FASB Adds Fair Value Reporting of Investment Property to its Agenda

On March 3, 2010, the Financial Accounting Standards Board (FASB) decided to examine the possibility of requiring or permitting investment property to be reported at fair value under U.S. Generally Accepted Accounting Principles (GAAP).

This FASB agenda decision was triggered by a tentative decision made by the International Accounting Standards Board (IASB) in January 2010 in connection with the FASB/IASB leases project. The IASB determined that if lessors report investment property at fair value in accordance with International Accounting Standard 40 (IAS 40), they will not be required to account for leases pursuant to the proposed new standard for leases being developed by the two Boards.

Because U.S. GAAP requires investment property to be reported at cost, the FASB decided to explore a potential investment property standard similar to IAS 40. IAS 40 currently gives landlords/lessors the option to report investment property at fair value (with fair value adjustments recognized in net income) or cost. If investment property is carried at cost under IAS 40, the fair value must be disclosed in the financial statement notes. Further, under IASB guidance, rental income from investment property leases is recognized over the lease term, typically on a straight-line basis. Therefore, revenue recognition by lessors of investment property under IASB guidance is currently equivalent to U.S. GAAP.

The FASB's agenda will not only consider the option to report investment property at fair value similar to IAS 40, but it will also evaluate whether to make such fair value reporting the sole requirement for investment property. If the FASB makes it a requirement to carry investment property at fair value, the IASB may have to consider modifications to IAS 40 for convergence purposes. Consequently, NAREIT believes that this new agenda item may provide an opportunity to improve the existing guidance under IAS 40.

If FASB provides an option to report investment property at fair value or cost, those entities that choose to account for investment property at depreciated cost would be required to adopt the proposed new lease accounting standard.

The proposed new lease accounting standard would require lessors to report on the balance sheet:


  • A receivable asset representing the present value of rents to be received under current leases.

  • A liability in an equivalent amount that would represent the lessor's "performance obligation."


As rent is received by the landlord, it would be bifurcated into two parts – interest income and a reduction of the receivable asset.

As a result, a lessor would reflect income in two ways in the income statement:

  • Interest income (on the receivable asset); and,

  • Rental revenue equal to the amortization of the performance obligation.

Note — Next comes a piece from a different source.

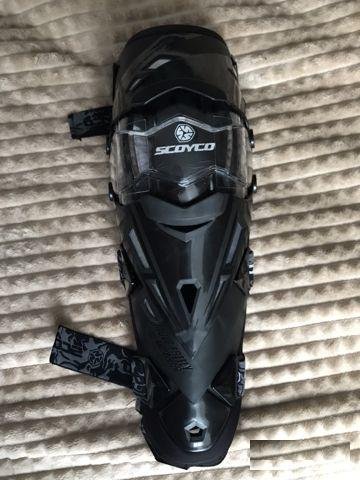 Шарнирные наколенники Scoyco k12 white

While the Boards have not reached a tentative conclusion, we believe the performance obligation would be amortized on a straight-line basis. If this is a final conclusion, a major issue raised by this accounting for rents is that the combination of a decreasing amount of interest income on the decreasing receivable and straight-line amortization of the performance obligation would result in decreasing revenue from leases in place.

NAREIT staff expects that the FASB will complete the investment property fair value agenda item as expeditiously as possible, since conclusions with respect to the leases project may depend on the conclusions in this project. A final leases standard is planned for 2011.